> _WORK ITEM_
Go through the listing below and retype exactly the lines starting at the one with "2025 Toyota RAV4 Hybrid Limited" and ending at the one with "Bmw M4 1/18", skipping pictures.

> _EXCERPTED DATA_

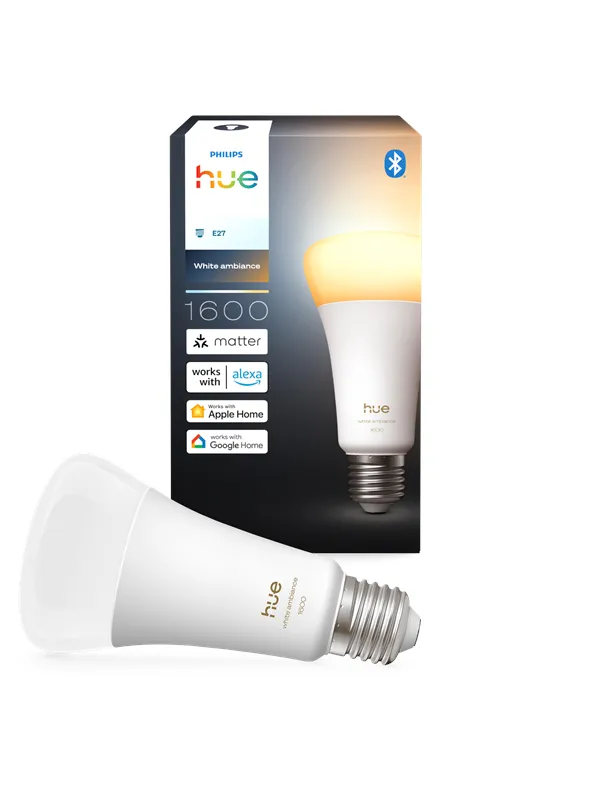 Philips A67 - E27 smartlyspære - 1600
* * *
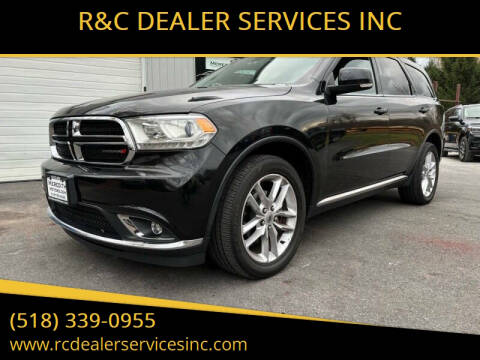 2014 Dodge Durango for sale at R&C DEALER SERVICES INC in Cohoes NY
* * *
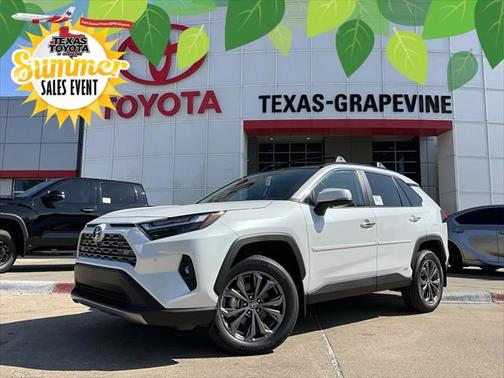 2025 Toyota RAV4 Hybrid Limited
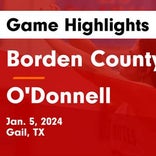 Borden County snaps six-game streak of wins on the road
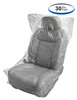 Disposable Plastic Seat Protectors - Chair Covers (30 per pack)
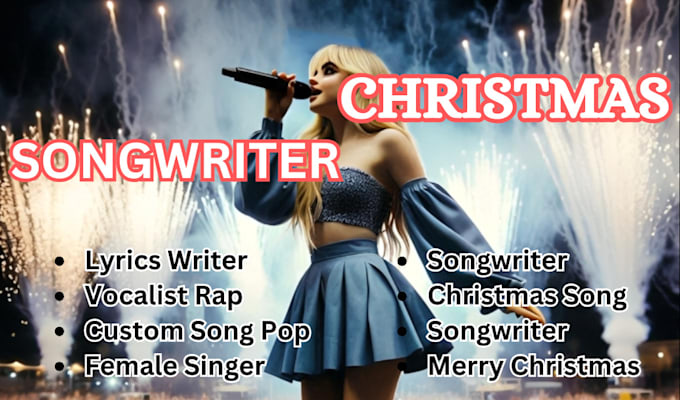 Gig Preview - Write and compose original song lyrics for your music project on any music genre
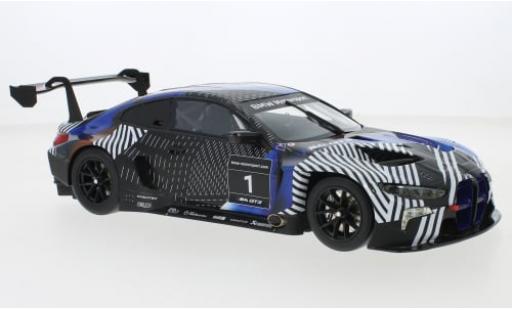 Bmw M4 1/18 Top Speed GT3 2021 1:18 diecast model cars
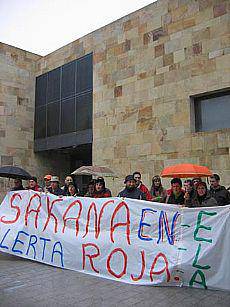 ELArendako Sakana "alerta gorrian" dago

> _THE ANSWER_
 2025 Toyota RAV4 Hybrid Limited
 Borden County snaps six-game streak of wins on the road
 Disposable Plastic Seat Protectors - Chair Covers (30 per pack)
 Gig Preview - Write and compose original song lyrics for your music project on any music genre
 Bmw M4 1/18 Top Speed GT3 2021 1:18 diecast model cars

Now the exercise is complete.